The New Deal has been my chief area of research for over 40 years, but I also study old roads and their development and effects on the landscape – especially early auto highways. I grew up near the Lincoln Highway, which runs through New Carlisle, Indiana, where I attended the high school. It ran down Main Street, which was the Michigan Road before it became part of the Lincoln Highway some 80 years later.
My high school, with its gymnasium, laboratory classrooms in the basement, and a bandroom behind the stage (so well remembered!) was a PWA project. I only discovered that after the school was demolished, right about the time I was beginning my research. Oh well. But this has led me to notice New Deal projects no matter what other quest I may be pursuing.
Over the last year, I followed the Lincoln Highway eastward into New Jersey and westward through Illinois. Starting out in Ohio heading east, I soon passed one of my favorite WPA projects, an early nineteenth century brick house transformed into Massillon’s stunning public library (and, originally, its museum). The heirs of the Dunn house had donated it to the city for use as a museum in 1930, then along came the New Deal to enlarge it and include a library. Designed by architect Herman J. Albrecht, it was completed in 1937. The museum moved in the 1990s and the library now occupies the entire structure.
Post offices are often located on main streets, which is usually where the original Lincoln Highway was routed. One I found in Everett, Pennsylvania boasts a sculptural mural rather than a painted one: a relief depicting the “Signing of the Constitution” by Hazel Clere.
Post offices are the likeliest New Deal buildings to be spotted along the Lincoln Highway. A fine example stands about 750 miles west along the Highway in Fulton, Illinois.

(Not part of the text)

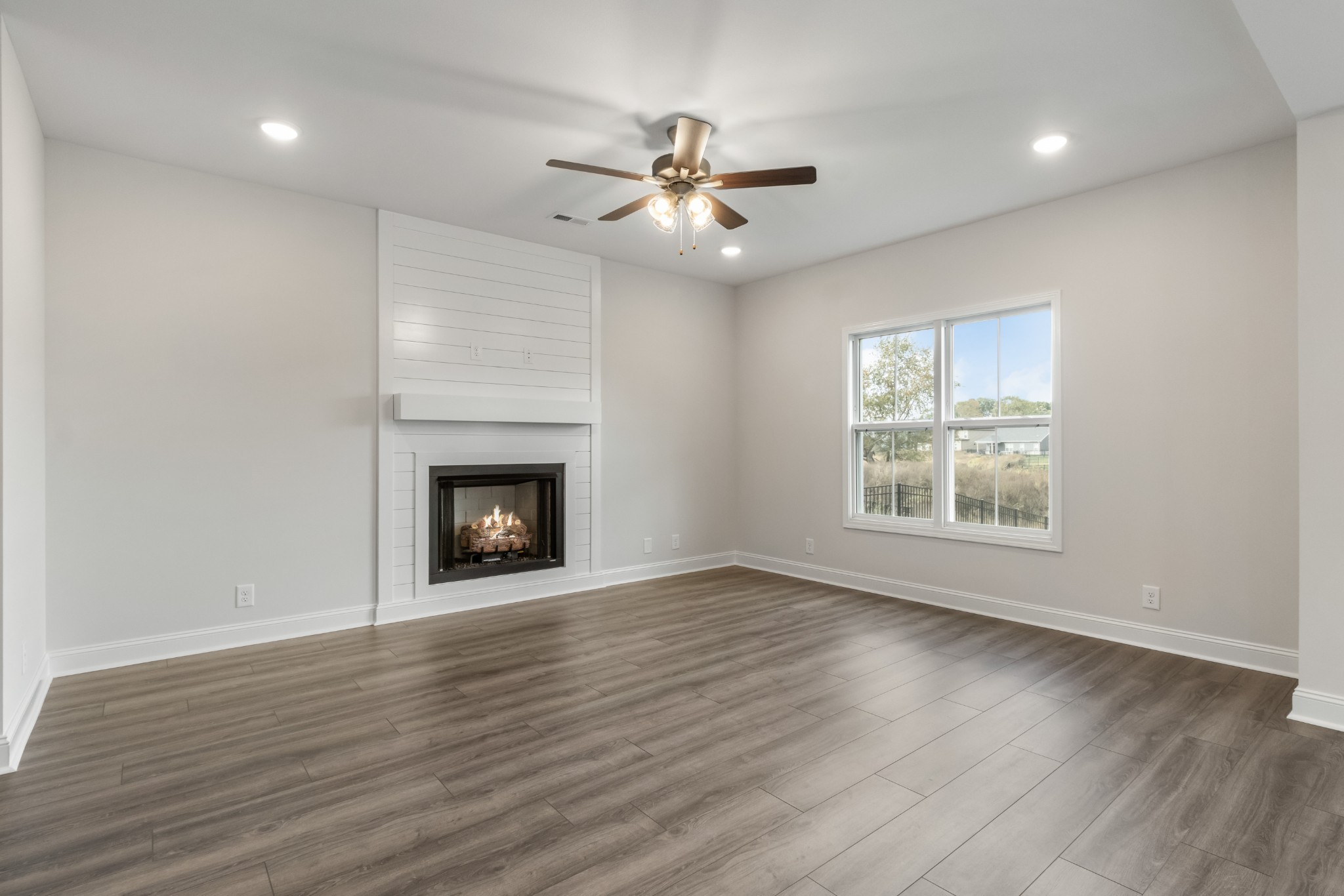 2616 Rafiki Drive Clarksville, TN 37042 - Photo 9 of 36 a view of an empty room with wooden floor fireplace and a window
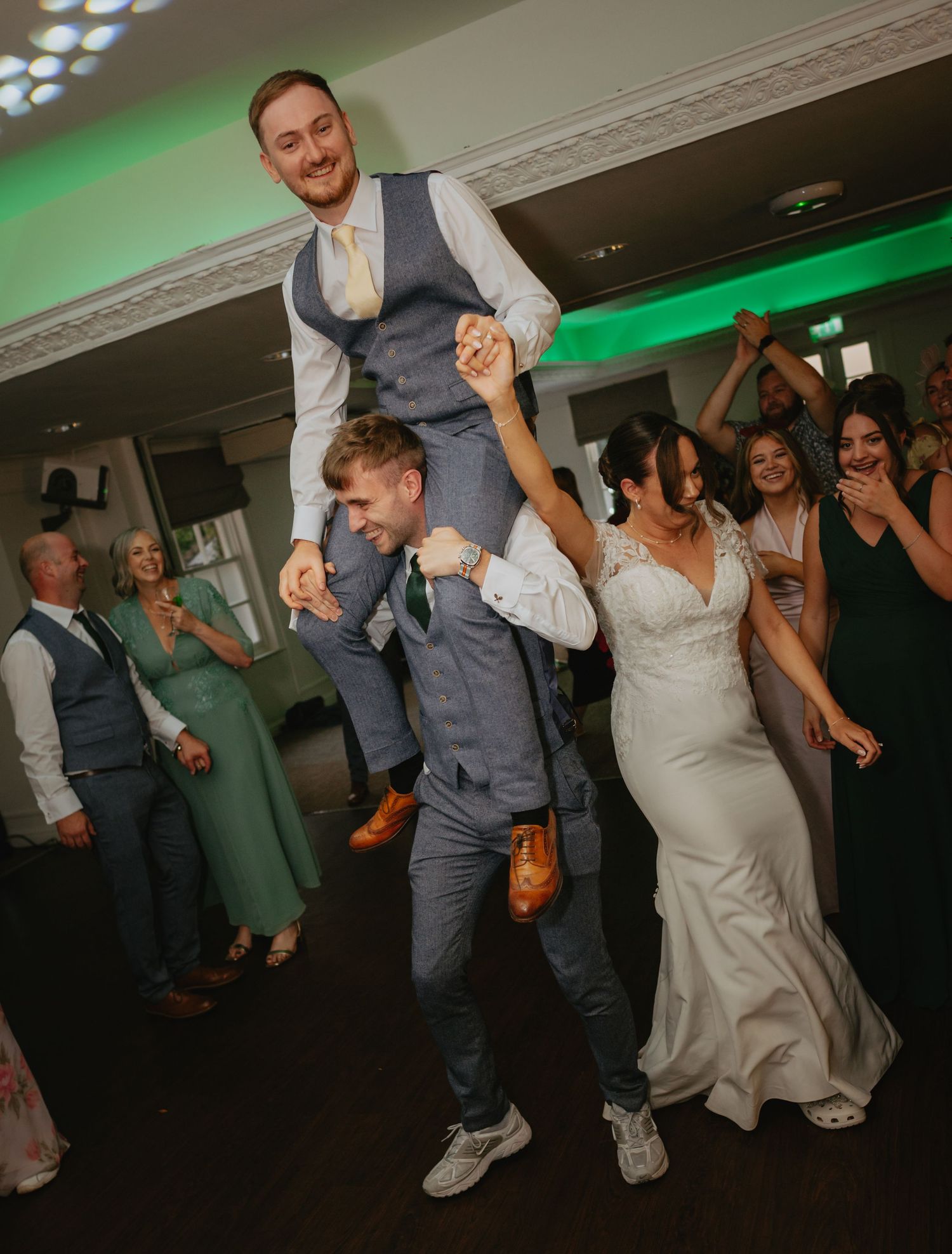 Wedding reception dance floor filled with energetic celebration and green lighting.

Heading east out of Everett, the Lincoln Highway goes through Caledonia State Park, where stands the Thaddeus Stevens Blacksmith Shop. I discovered it was renovated and restored by the Works Progress Administration in 1938. The original had been built in 1837 but was destroyed during the Battle of Gettysburg. Rebuilt after the war, it remained in business until the 1890s, after which it languished until the New Deal came along.
There are a variety of examples around the country of the WPA or other New Deal agencies creating historical replicas. Projects with an educational component were highly favored, and we have the New Deal to thank for several early restorations and replicas. And, let us not forget also that the Historic American Buildings Survey [HABS] was also a New Deal project, putting many starving architects to work to document historic buildings dating from before the Civil War, preserving, at least on paper, much of our architectural heritage.
In my home state of Indiana we have Lincoln Pioneer Village in the Ohio River town of Rockport, located in the same county in which Lincoln resided in his boyhood years. Largely the work of noted sculptor George Honig, Lincoln Pioneer Village started as a FERA project, and continued under WPA the following year, completed in 1936. It’s listed in the National Register of Historic Places.
My very favorite of these types of WPA projects, which I saw when I was eight years old and never forgot, is outside Rapid City, South Dakota. Of course, I did not realize then it was a New Deal project. Dedicated in 1936, Dinosaur Park was certainly intended as a tourist attraction to travelers pouring into the Black Hills to see Mount Rushmore. But, the lifesize concrete figures, created by sculptor Emmit Sullivan in consultation with noted paleontologists, were intended to represent those dinosaur fossils found in the West. I, for one, am delighted that Dinosaur Park is listed in the National Register and hope that the renovation it is currently undergoing maintains the historic integrity of the site.